[jcifs] Re: SMB URL encoding/decoding

James Nord teilo at teilo.net
Sun Feb 24 13:50:07 EST 2002

Michael B Allen wrote:

>On Sat, 23 Feb 2002 19:51:23 -0600
>"Christopher R. Hertel" <crh at ubiqx.org> wrote:
>>>the exception of the most trivial of URLs. It only decodes the host,
>>>port, file (path), and ref components and it will certainly fail to do
>>>even that with anything that has arbitrary characters in the password
>>>of some auth info.
>>>  http://java.sun.com/products/jdk/1.2/docs/api/java/net/URL.html
>>Which arbitrary characters?  This is where precedence comes in.  If you
>>parse based on the '/' character first (and escape any '/' characters in the
>><server> string) then you will never get confused by '@'s elsewhere in the
>You can have ANY characters in a password. So there's NO way to traverse
>it. You HAVE to come in from the end looking for something and when I did
>this it was determined that '@' was what I looked for. I don't remember
>exactly why I did what I did but I rememeber mulling it over pretty hard.
err yes in a password but not in a *password field* of a URI

password field in URI != password

password field = urlencode (password)

>>I will try to get time to look at the link above.
>>>Perhaps we could just drop the authentication creadentials and pass them
>>>as QUERY_STRING parameters instead.
>>No, because the generic URL/URI syntax already supports the use of
>>credentials as part of the <server> field.  RFC2396:
>Ok, nobody seems to like that idea. Forgotten.
>>>>As with most parsers, there is an operator hierarchy.  I *think* that
>>>>the '/' character is higher precedence than th '@' but I am not sure,
>>>>as I haven't looked at it recently.
>>>I don't see how assigning precidence helps.
>>If the '/' has precedence over '@' then the parse tree is (roughly):
>>                        ["://"]
>>                          / \
>>           [scheme: "FTP"]  ['/']
>>                             / \
>>[server: "user:pass at foo.com"]  [abs_path: "some/dir/im at home/text.txt"]
>Well, then assigning "operator hierarchy" is inherent to parsing. I
>wasn't sure what you meant.
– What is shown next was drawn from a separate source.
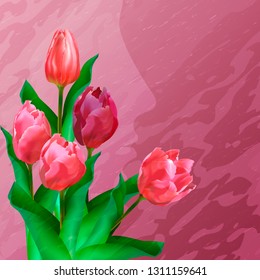 Bouquet of tulips on a textural pink background with a female silhouette. Beautiful greeting card or banner for Women's Day. 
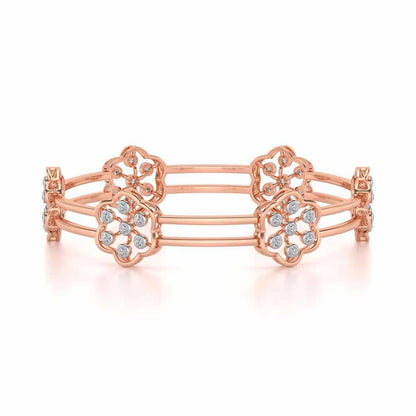 Phool Silver Bangles - Rose Gold - Image 5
At any rate, you can't do this because '/'
>can appear in a password. 
Again don't confuse password with password field

>It's a pretty rare character to appear in a
>password though. 

>I suppose we could make users URL encode a '/' in the
>password and then disect by '/' like you have above. 
You have to...

>That would be
>wonderfully easy actually and cause far less confusion.